Tatsächlich hat das Finanzgericht jedoch auch erkannt, dass ein Zeitraum von nur sechs Monaten im Einzelfall auch problematisch und realitätsfern sein kann. Daher regeln die Richter in der vorliegenden Entscheidung weiter: Ausnahmsweise kann auch noch nach Ablauf von sechs Monaten von einer unverzüglichen Bestimmung zur Selbstnutzung zu Wohnzwecken ausgegangen werden, wenn hierfür Umstände verantwortlich sind, die nicht im Einflussbereich des Erwerbers liegen. Konkret bedeutet dies: Auch nach Ablauf von sechs Monaten kann eine unverzügliche Bestimmung zur Selbstnutzung gegeben sein, wenn der Erwerber darlegt und glaubhaft macht, warum ein Einzug in die Wohnung nicht früher möglich ist und warum er diese Gründe nicht zu vertreten hat.

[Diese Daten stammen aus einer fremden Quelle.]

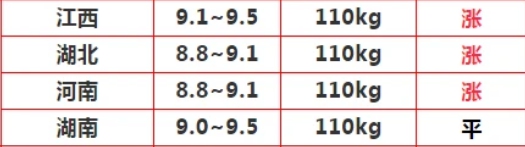 攻略网3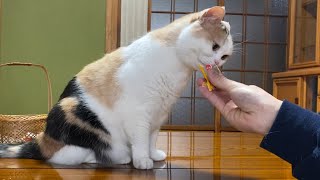 ついに人間の食べ物を口にした猫！-Cat and beans-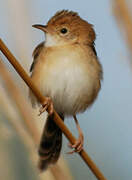 Golden-headed Cisticola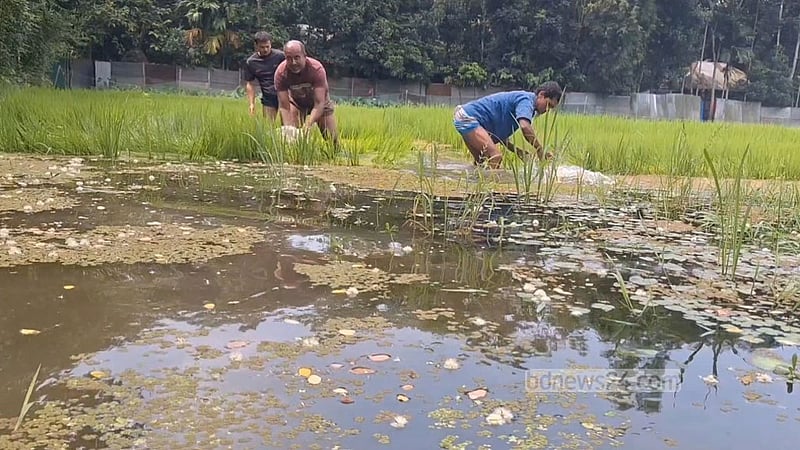 বৃষ্টিতে জলাবদ্ধতা: চাঁদপুরে রোপা আমনসহ আখের ব্যাপক ক্ষতি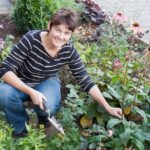 5 Trucos Para Mantener La Sanidad Vegetal En Tu Huerto O Jardín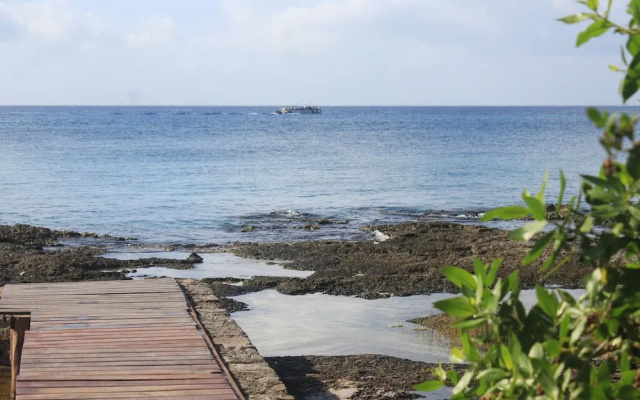 Great Condo in Cozumel OCEAN FRONT D10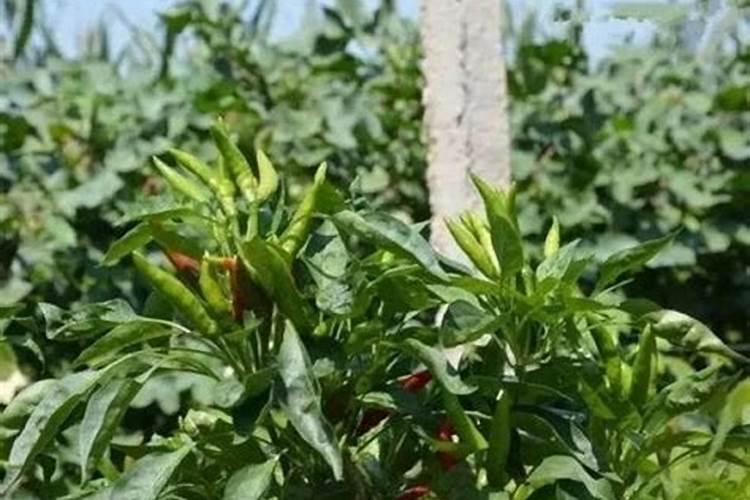 辣椒结果期施什么肥 结果期死棵的原因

Wohlgemerkt muss dann aber auch der Steuerpflichtige tätig werden und genau darlegen können, warum ein früherer Einzug nicht möglich war und warum ihm dies nicht anzulasten ist. Dies war leider im vorliegenden Sachverhalt nicht gegeben. Nach Meinung des erstinstanzlichen Gerichts war der Kläger hier nicht in der Lage, die Verzögerung bei der Bestimmung zur Selbstnutzung zu erklären, weshalb die Steuerbefreiung für Familienheime nicht gewährt wurde.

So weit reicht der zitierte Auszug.